At Wazirpur village, honour is a flighty commodity. Lost if your sister gets married on her own. And it is reclaimed if your relatives and friends hail that sister's murder at your hands, on camera. A brother-in-law shot dead is also thrown in as icing.
Because, in the fringes of the national capital this has come to mean 'honour'.
When one was barely done being outraged by the Khap pronunciations on marriage and the 'science' behind it, a spate of blood spilling blood began in the capital. Caste or economic status were passed off as the reasons, only too often by the papers.
In the Wazirpur and Swaroop Nagar murders, it was the girls' families who struck. In both multiple murders, the burden of the family's 'honour', established by wealth or by caste, lay on the girls. It was the male relatives who objected with the female relatives nodding. The women in both houses were vocal only in highlighting the girls 'crimes' and defending those of their men.
It is easy to believe that honour has been defined in both families as preserving the patriarchal order, where women are expected to toe the line.

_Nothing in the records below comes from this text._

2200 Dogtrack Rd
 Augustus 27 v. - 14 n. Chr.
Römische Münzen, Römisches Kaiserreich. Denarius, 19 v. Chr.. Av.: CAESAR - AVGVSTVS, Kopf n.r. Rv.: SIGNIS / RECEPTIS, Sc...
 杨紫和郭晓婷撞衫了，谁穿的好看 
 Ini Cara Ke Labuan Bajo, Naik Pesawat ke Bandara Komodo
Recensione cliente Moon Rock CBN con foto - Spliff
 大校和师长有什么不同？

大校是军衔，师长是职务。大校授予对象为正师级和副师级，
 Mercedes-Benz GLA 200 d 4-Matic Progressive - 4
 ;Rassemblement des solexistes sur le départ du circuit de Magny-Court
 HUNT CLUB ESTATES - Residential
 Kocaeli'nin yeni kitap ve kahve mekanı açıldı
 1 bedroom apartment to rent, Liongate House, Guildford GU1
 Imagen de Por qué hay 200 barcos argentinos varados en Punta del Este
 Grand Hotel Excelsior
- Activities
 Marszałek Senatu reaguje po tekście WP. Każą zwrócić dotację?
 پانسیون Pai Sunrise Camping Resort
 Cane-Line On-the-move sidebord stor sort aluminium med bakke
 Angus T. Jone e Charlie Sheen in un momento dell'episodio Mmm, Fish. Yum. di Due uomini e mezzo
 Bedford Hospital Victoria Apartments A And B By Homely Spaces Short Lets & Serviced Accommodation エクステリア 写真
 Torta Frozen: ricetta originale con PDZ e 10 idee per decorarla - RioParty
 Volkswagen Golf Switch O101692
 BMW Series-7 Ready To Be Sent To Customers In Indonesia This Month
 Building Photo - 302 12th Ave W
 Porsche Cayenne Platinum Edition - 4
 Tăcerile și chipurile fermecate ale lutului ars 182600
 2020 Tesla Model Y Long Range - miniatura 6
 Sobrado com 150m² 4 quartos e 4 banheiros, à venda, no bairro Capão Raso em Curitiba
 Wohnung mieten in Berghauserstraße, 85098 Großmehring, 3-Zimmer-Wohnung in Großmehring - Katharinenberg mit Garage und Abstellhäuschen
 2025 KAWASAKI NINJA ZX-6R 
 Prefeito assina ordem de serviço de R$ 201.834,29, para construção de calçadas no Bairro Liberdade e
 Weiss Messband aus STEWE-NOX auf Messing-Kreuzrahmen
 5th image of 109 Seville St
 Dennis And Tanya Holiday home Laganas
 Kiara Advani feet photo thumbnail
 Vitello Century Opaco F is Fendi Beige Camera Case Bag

Any form of assertion of free will by the girls was probably seen as a threat to that honour so well-presevered by acquiesence of the older women.
But the differences are equally stark.
At Swaroop Nagar, neighbours had tried to intervene when Asha Saini and her boyfriend, Yogesh were being beaten to death. At Wazirpur, the neighbours are busy putting a halo over the head of Ankit Chaudhary and Mandeep Nagar who along with their friend Nakul, shot Ankit's sister Monica, her husband Kuldeep and Mandeep's sister Shubha.
Yogesh drove an autorickshaw for a living and Kuldeep was killed in his Esteem.
But the most important difference has to be that while Saini was killed by her father and his elder brother- both in their 50s - Monica, her husband Kuldeep and cousin Shubha were killed by three men in their early 20s.
Saini's uncle Om Prakash and her father Suraj Kumar said that they did not regret what they did. Asha had "frustrated them" by continuing her relationship (strike three) with Yogesh who belonged to a different caste (strike two) and was an autorickshaw driver (strike one).
Ankit and Mandeep hold on to their Gujjar identity as their defence. After all, life in the playground had become difficult for them ever since Monica married Kuldeep against the family's wishes and Shubha eloped with a Muslim man and returned a few months later. Friends' taunts would hurt harder than brawls over them, they say.
This warped logic of honour being a variable of the collective - starting with the family, moving on to the neighbourhood and ending with the community - has transcended generations. Educated, urban youth who are exposed to a cultural mismash where freedom competes with being seen as liberated (not universally held as a desirable trait), are choosing to imbibe crude definitions of honour. A taint on this 'honour' and these boys are ready to kill without the fear of consequence.
The stray voices of support from Wazirpur must be feeding the boys' delusions of honour, and martyrdom defending it if they are punished. An uncle mouthing "Yeh murder samaj ke liye zaroori tha" must have already sent the worst message he could have to the youth in his community. Ankit and Mandeep, killers, could already be the Indian Idol for some misguided youngster, in the absence of a real role model.
Most of this happened because the state has been lax in enforcing laws. A Special Marriage Act makes inter-caste marriage legal, but not protected from those who oppose it, and how! A murder is termed a 'honour killing' repeatedly by the media, everytime stacking social sanction for a crime. And at both instances, state fails the victims - present and future. A lax enforcement of law goes on to create 'martyrs'. And the killers spawn another generation guided by what they understand of honour.
Never accepting that their real shame is in being tagged a murderer. The real dishonour is in the act of killing one's own.